4. The federal learning-based communication optimization method of claim 3, wherein each client executes a fast gradient descent algorithm to decompose a gradient matrix of the local model into a left singular vector, a right singular vector and a diagonal matrix containing gradients, so as to obtain local gradient core features, and the method includes:

storing data of a gradient matrix of a local model in a zero matrix in sequence, and compressing until zero-value rows do not exist in the zero matrix to obtain a first matrix;

constructing a sub-sampled random Hadamard transform matrix, calculating the product of the sub-sampled random Hadamard transform matrix and a first matrix, compressing the first matrix from m to

Obtaining a second matrix;

and executing an SVD algorithm on the second matrix, decomposing the gradient matrix of the local model into a left singular vector, a right singular vector and a diagonal matrix containing gradients, and obtaining the core characteristics of the local gradients.

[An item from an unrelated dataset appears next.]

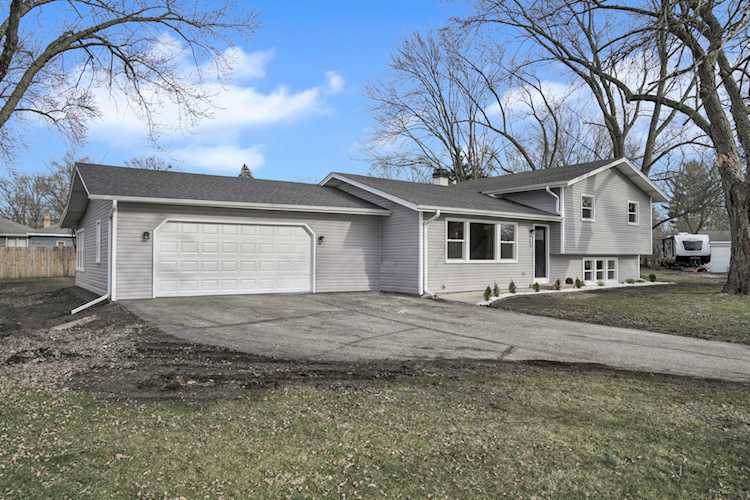 628 Aster Ct Lisle, IL 60532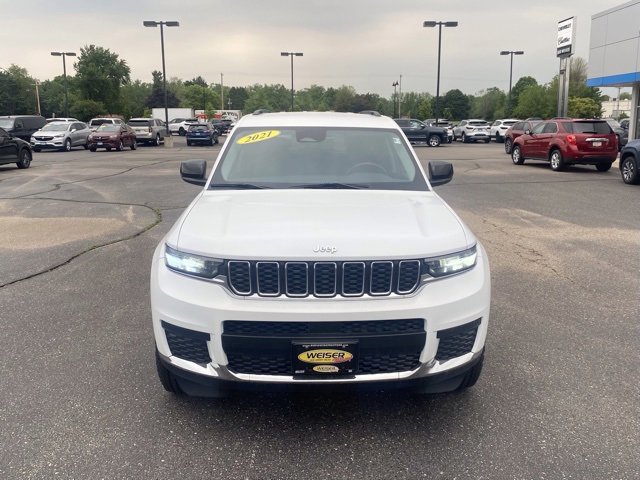 2021 Jeep Grand Cherokee Laredo photo 2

5. The method according to claim 4, wherein the S3 comprises:

calculating a local model loss value of each client in the current iteration process;

calculating the cross entropy of the loss value of the local model, and calculating the quality evaluation weight of the local model according to the cross entropy;

calculating local gradient errors generated by the gradient compression of the sketch in the gradient aggregation process of the sketch to obtain accumulated gradient error values and gradient error compensation values of all clients;

adjusting the weight of the local gradient core characteristics of each client for sketch gradient aggregation according to the quality evaluation weight and the accumulated gradient error value of the local model of each client; and adaptively adjusting the gradient to be compensated of the local gradient core characteristic of the whole client according to the gradient error compensation value, and entering the next iteration.